Wenn sie Gastauftritte in Hollywood-Produktionen übernimmt wie in "Die Chroniken von Narnia", "Der seltsame Fall des Benjamin Button", "Burn after Reading" oder "Michael Clayton" (Oscar als beste Nebendarstellerin), dann fühlt sie sich wie im Urlaub.
Ihr eigentliches künstlerisches Schaffen stellt sie in den Dienst schwieriger Stoffe, die Hollywood nicht mit der Kneifzange anfassen würde. Diesmal spielt sie eine Mutter, die von Schuldgefühlen geplagt wird und regelmäßig ihren Sohn im Gefängnis besucht.

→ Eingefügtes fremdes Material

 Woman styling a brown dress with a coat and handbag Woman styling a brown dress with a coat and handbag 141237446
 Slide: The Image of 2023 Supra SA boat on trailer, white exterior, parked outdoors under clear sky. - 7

Wir wissen nicht, was passiert ist. Erst nach und nach erfahren wir durch verschiedene Rückblenden, wie aus einer wohlsituierten Vorzeigefamilie eine Brutstätte des Horrors geworden ist.

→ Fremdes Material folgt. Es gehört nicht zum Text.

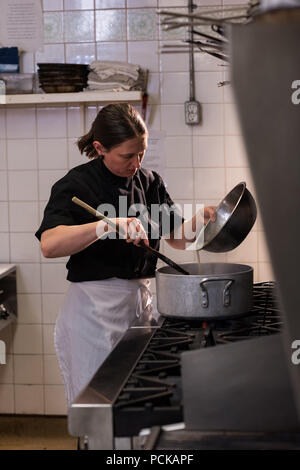 Chef cooking in the commercial kitchen Stock Photo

Wenn Sie die erste halbe Stunde des Films mit ihren merkwürdigen Farb- und Stimmungsassoziationen überstehen (Ich war nahe dran, das Kino zu verlassen!), findet der Film plötzlich zu seinem Thema und übt eine immer stärker werdende Faszination aus. Es ist der Regisseurin anzurechnen, dass sie am Ende nicht alles zeigt, sondern im Gegensatz zum Anfang des Films dem Zuschauer die Freiheit lässt, sich seine eigenen Bilder im Kopf zu machen (oder auch nicht).
Am besten, Sie wissen über die Geschichte so wenig wie möglich und lassen sich einfach manipulieren. Die Schauspieler sind hervorragend, die Swinton natürlich, dann der allgemein sehr unterschätzte John C. Reilly und zwei Newcomer, die den Sohn in verschiedenen Altersstufen spielen: Ezra Miller und Jasper Newell.
Bei den Oscars werden sie allerdings kaum Chancen haben. Wie letztes Jahr in "Io sono l’amore" lebt Tilda mit diesen Filmen auf einem Planeten, den die Oscar-Juroren nur selten besuchen.